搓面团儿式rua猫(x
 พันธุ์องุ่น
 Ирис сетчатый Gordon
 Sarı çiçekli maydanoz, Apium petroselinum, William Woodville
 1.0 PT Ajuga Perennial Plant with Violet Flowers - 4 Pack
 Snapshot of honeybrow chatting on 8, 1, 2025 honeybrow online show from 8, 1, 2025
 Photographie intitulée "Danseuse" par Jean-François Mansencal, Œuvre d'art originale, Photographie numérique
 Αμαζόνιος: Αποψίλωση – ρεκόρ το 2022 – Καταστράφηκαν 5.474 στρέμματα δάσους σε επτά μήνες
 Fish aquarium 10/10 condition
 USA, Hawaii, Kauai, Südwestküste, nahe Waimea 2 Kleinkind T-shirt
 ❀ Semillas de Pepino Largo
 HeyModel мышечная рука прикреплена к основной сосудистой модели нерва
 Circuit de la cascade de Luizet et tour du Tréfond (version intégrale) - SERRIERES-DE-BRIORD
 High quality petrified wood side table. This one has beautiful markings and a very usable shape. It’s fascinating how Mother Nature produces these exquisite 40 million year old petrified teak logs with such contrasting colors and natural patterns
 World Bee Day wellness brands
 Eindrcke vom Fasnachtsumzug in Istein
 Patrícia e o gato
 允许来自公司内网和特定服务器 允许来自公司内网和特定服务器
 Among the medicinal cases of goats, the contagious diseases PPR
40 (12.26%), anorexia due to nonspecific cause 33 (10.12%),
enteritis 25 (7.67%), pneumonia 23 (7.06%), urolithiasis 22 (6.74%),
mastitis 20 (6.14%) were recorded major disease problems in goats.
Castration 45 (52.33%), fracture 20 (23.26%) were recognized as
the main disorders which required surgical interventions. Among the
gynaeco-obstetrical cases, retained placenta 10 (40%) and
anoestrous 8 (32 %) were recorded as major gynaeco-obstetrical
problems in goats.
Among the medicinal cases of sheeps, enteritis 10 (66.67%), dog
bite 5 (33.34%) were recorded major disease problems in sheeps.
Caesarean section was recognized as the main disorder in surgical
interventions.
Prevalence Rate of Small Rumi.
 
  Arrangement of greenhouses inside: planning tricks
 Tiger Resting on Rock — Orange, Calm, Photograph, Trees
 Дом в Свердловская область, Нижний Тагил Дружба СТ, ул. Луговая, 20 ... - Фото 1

● ● ● ● ●

• _Task to complete_: Reproduce each line of the records in which "major" appears.

• _Answer space_:
mastitis 20 (6.14%) were recorded major disease problems in goats.
anoestrous 8 (32 %) were recorded as major gynaeco-obstetrical
bite 5 (33.34%) were recorded major disease problems in sheeps.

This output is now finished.